▸ **TASK REQUIREMENTS**:
What is needed is an exact copy of the lines from the one containing "ST.JOHN 100% Silk" through the last line of the records, with no pictures.

▸ **DATA EXTRACT**:

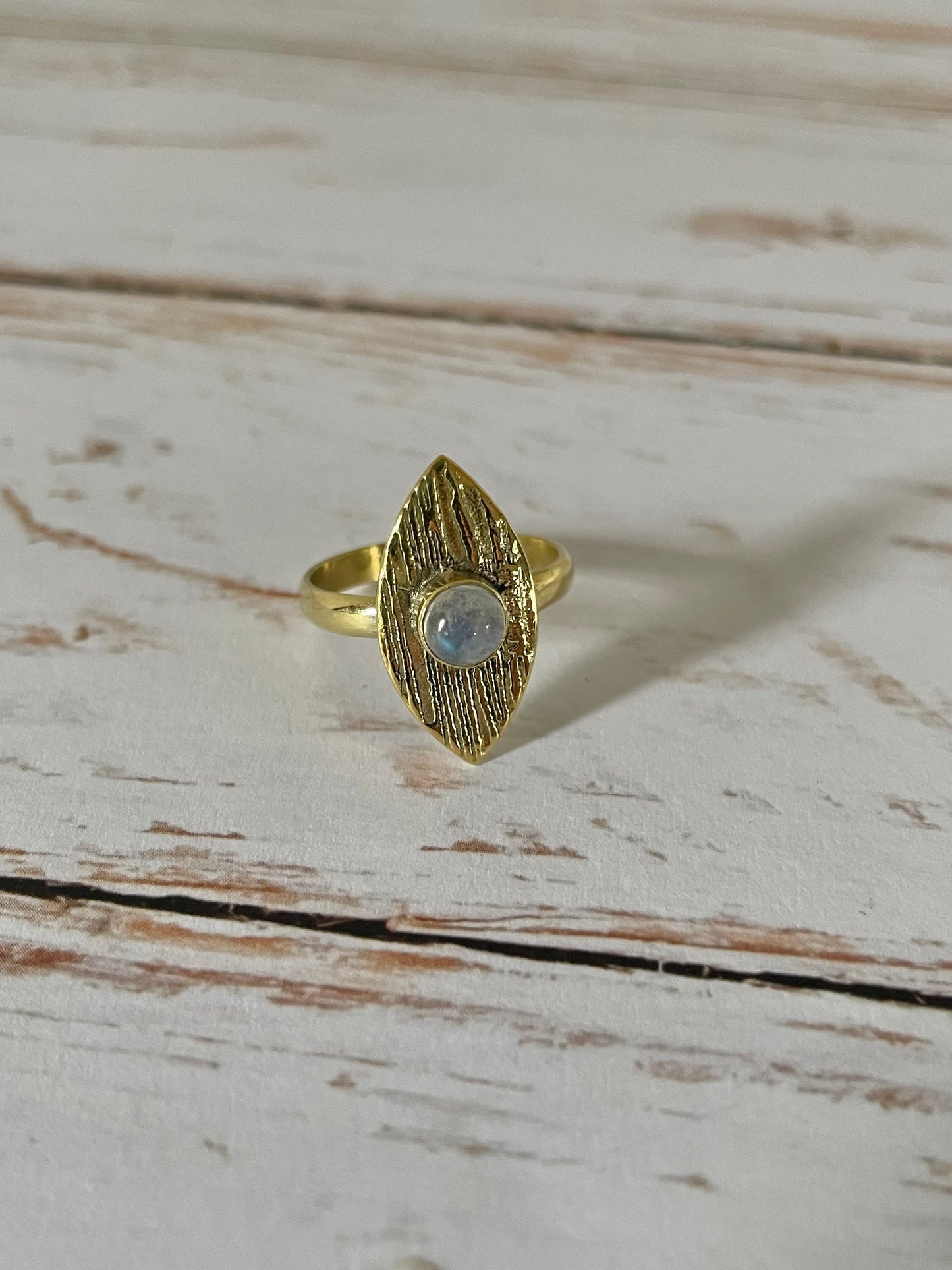 Rainbow Moonstone Brass Ring - Size 6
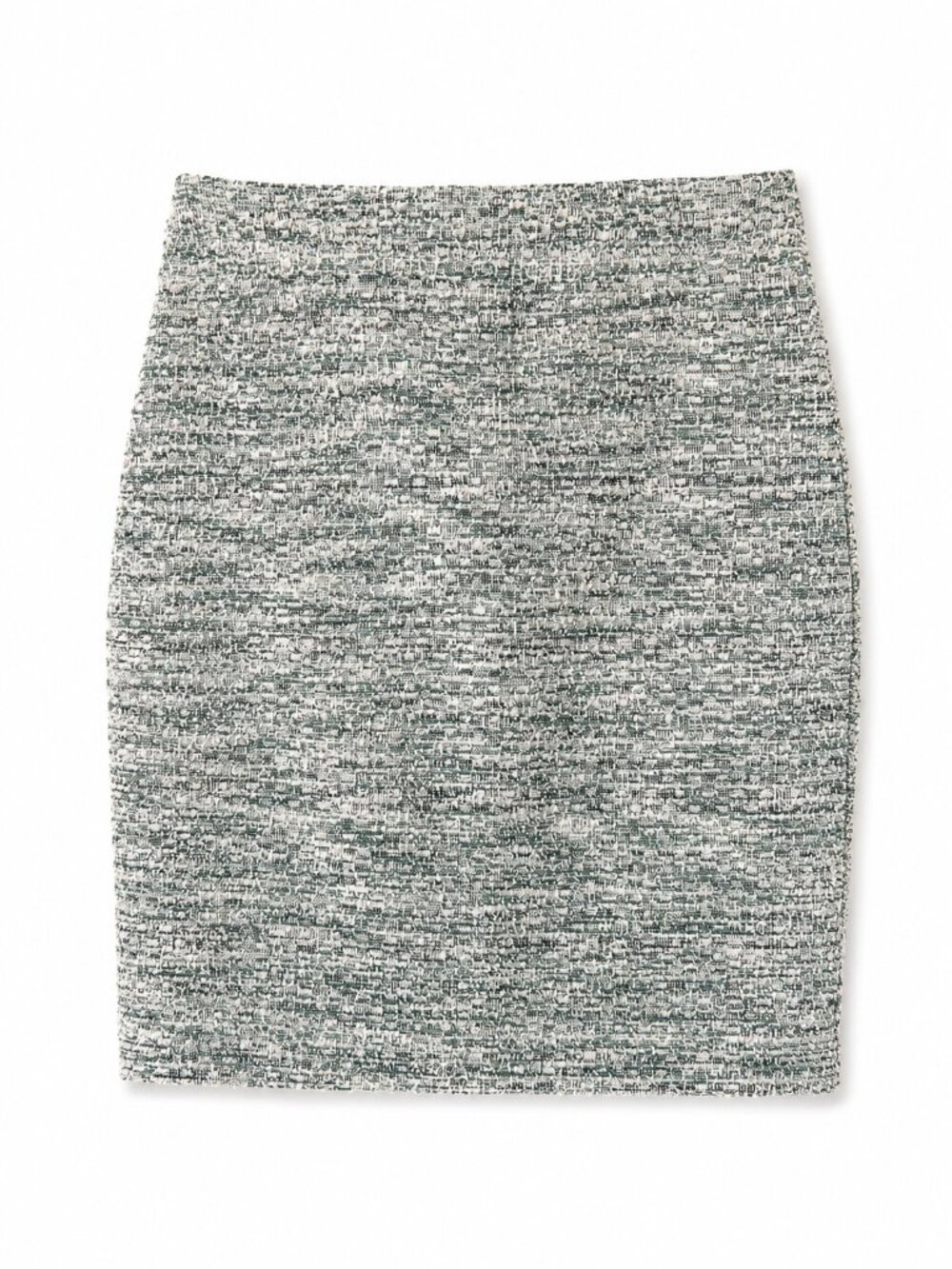 ANN TAYLOR Green Black White Tweed Bouclé Knit Stretch Pencil Skirt Work M EUC - Picture 4 of 7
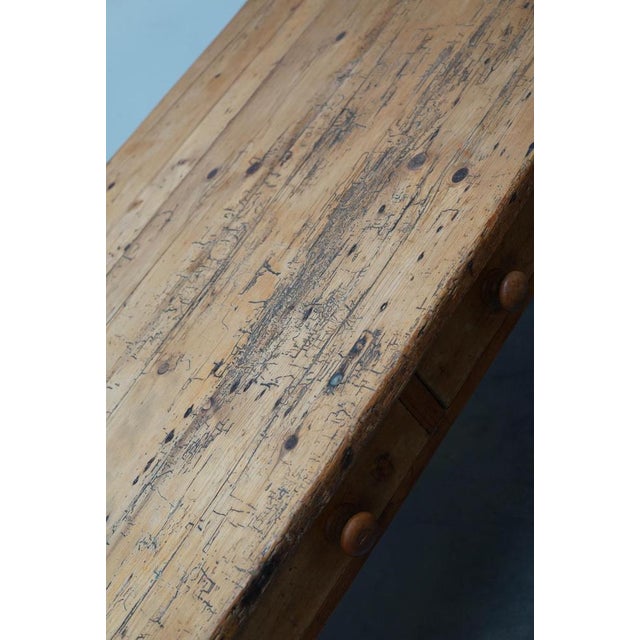 19th Century Antique English Light Pine Farmhouse Dining Table For Sale - Image 15 of 18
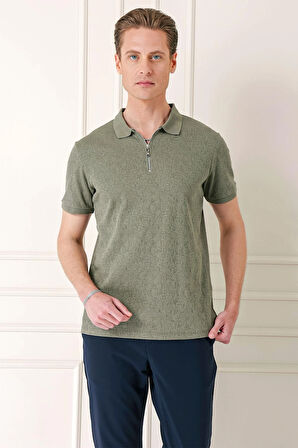 Ts 877 Slim Fit Fermuarlı Polo Yaka %100 Pamuk Haki Tişört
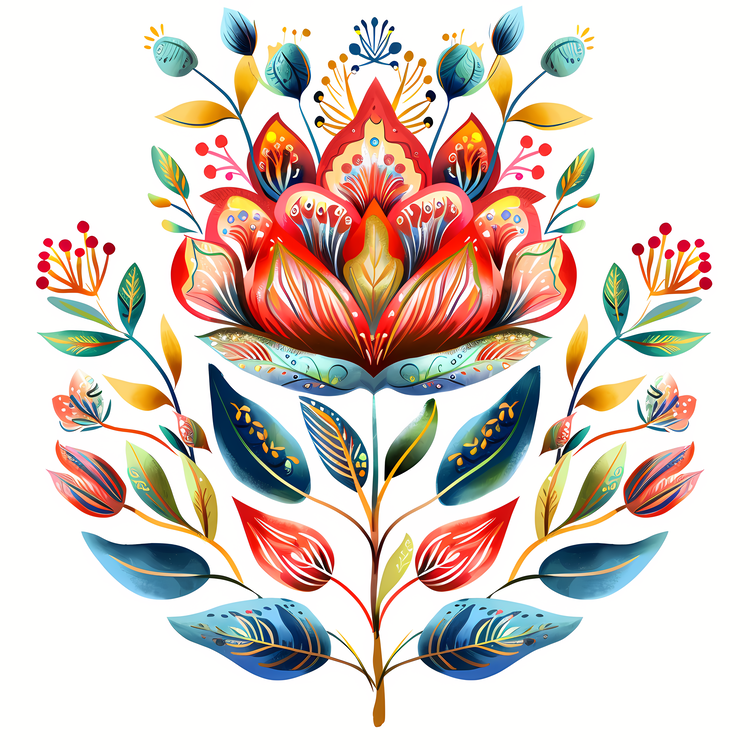 Boho Style,Flower Design,Ornate
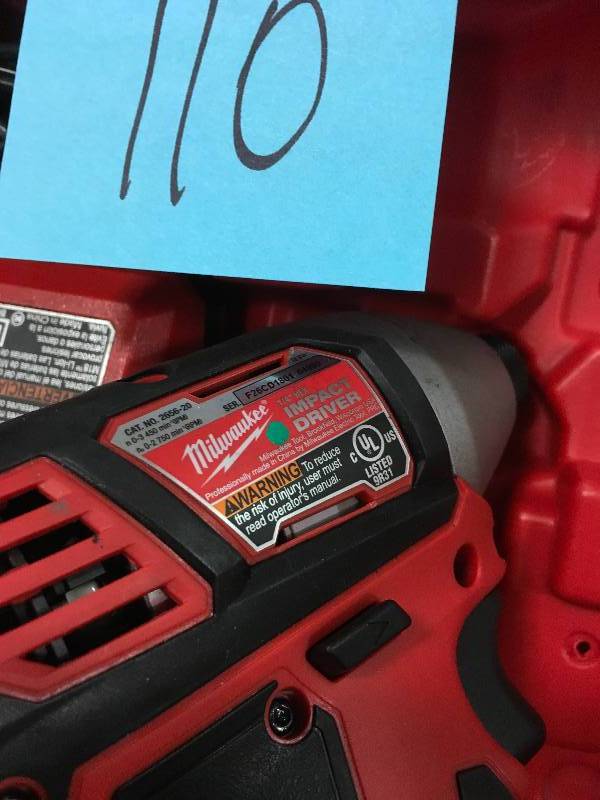 lot 110 image: Milwaukee M18 18-Volt Lithium-Ion Cordless 14 in. Hex Impact Driver Kit with One 3.0Ah Battery, Charger in Good Condition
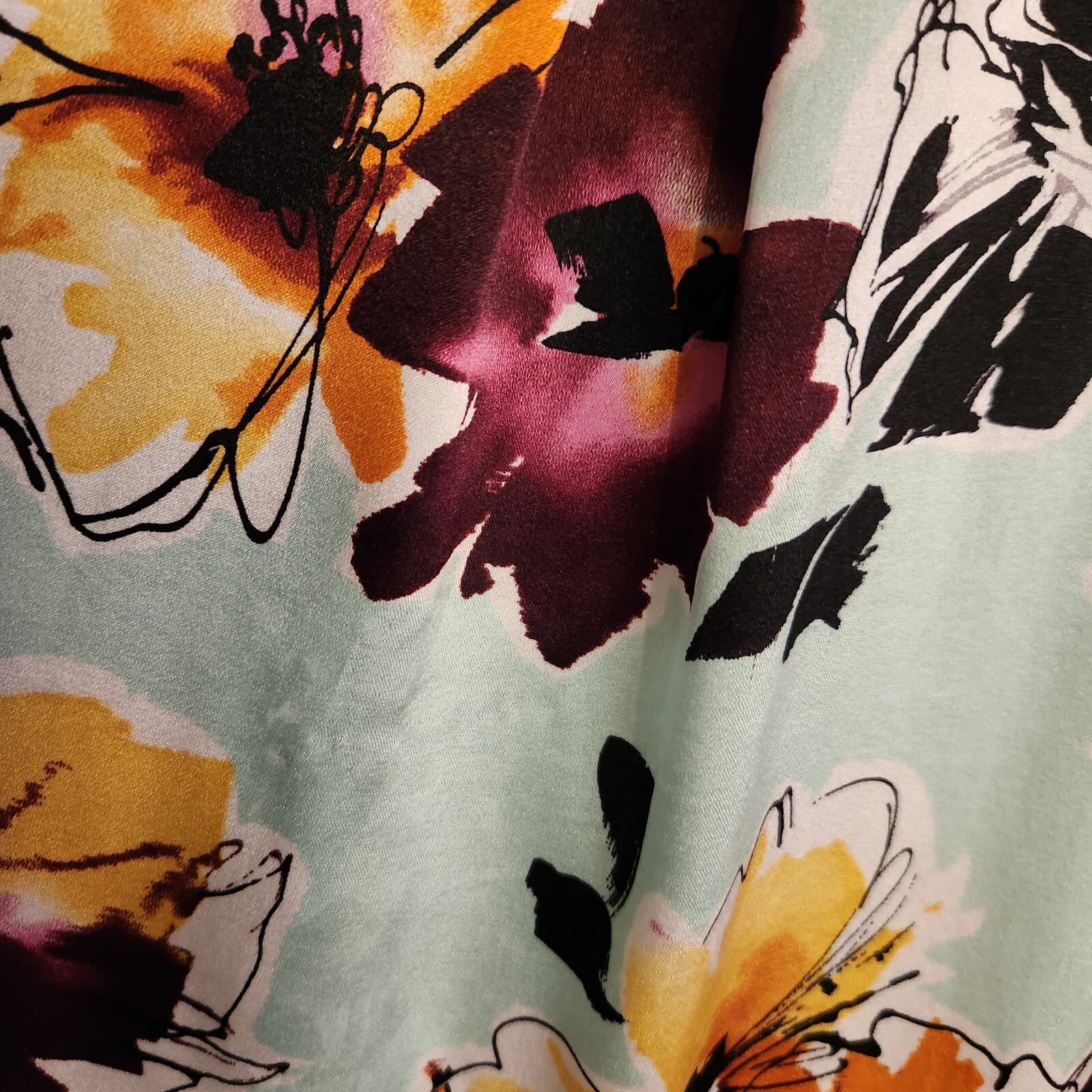 ST.JOHN 100% Silk Satin Floral Women Small Top Sleeveless Scoop Neck Multicolor - Thumbnail 9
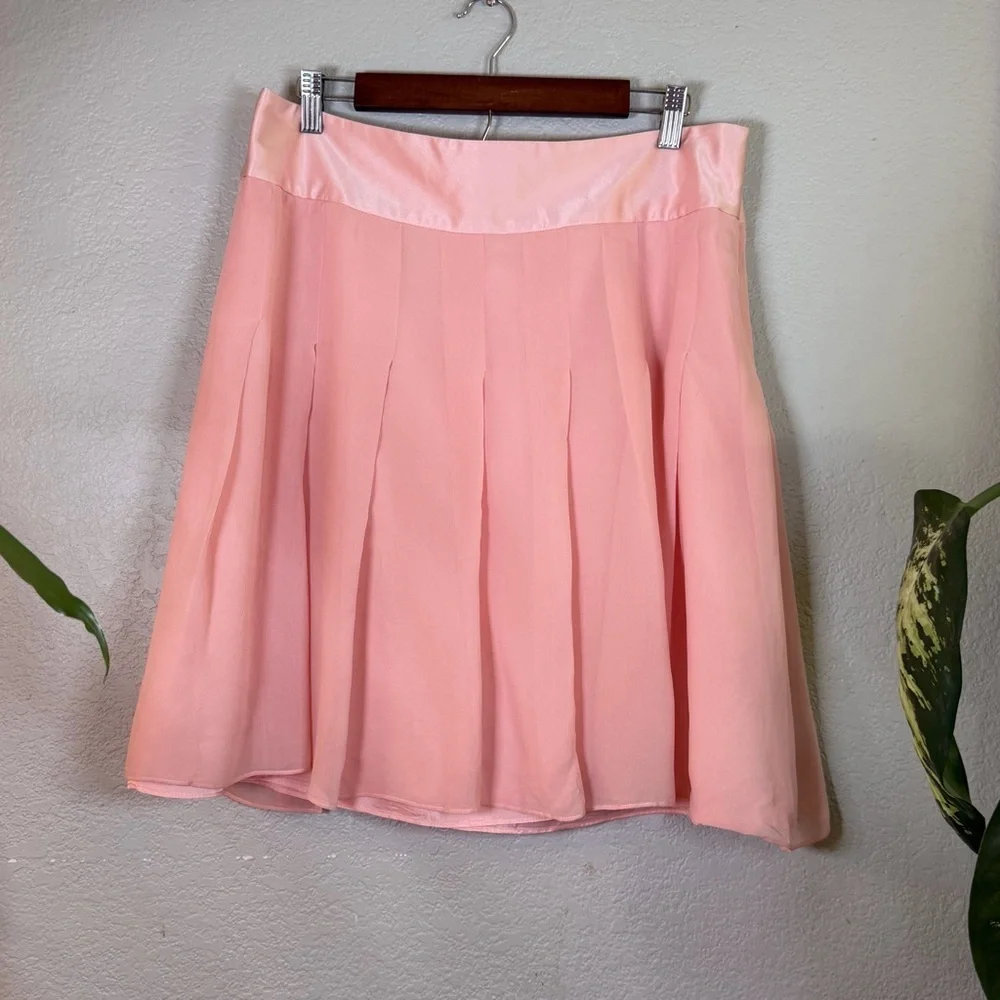 Banana Republic Silk Pleated Sheer Pastel Pink Feminine Cottagecore Skirt 14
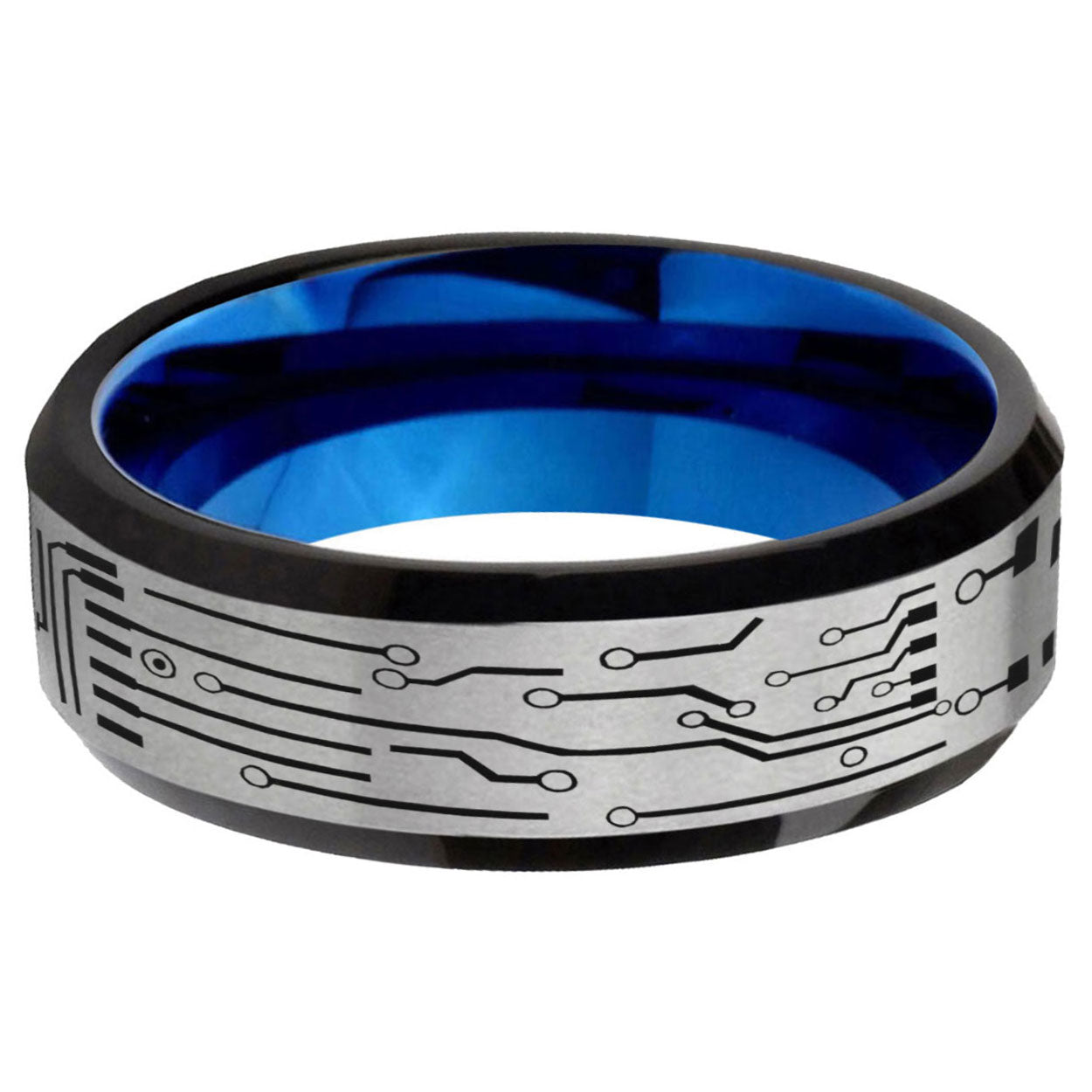 6MM Circuit Board Beveled Blue Gray Tungsten Wedding Band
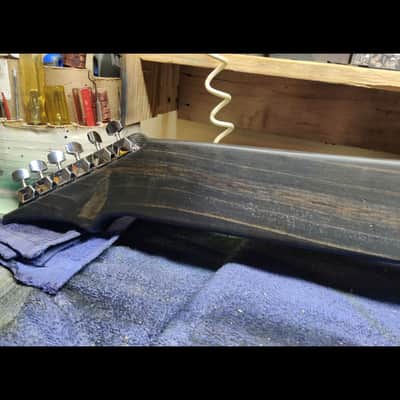 HandMade Lap Steel Guitar - Black / Brown Stain - Red Bevels - Satin Relic Finish - USA Made image 20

▸ **RESULT**:
 ST.JOHN 100% Silk Satin Floral Women Small Top Sleeveless Scoop Neck Multicolor - Thumbnail 9
 Banana Republic Silk Pleated Sheer Pastel Pink Feminine Cottagecore Skirt 14
 6MM Circuit Board Beveled Blue Gray Tungsten Wedding Band
 HandMade Lap Steel Guitar - Black / Brown Stain - Red Bevels - Satin Relic Finish - USA Made image 20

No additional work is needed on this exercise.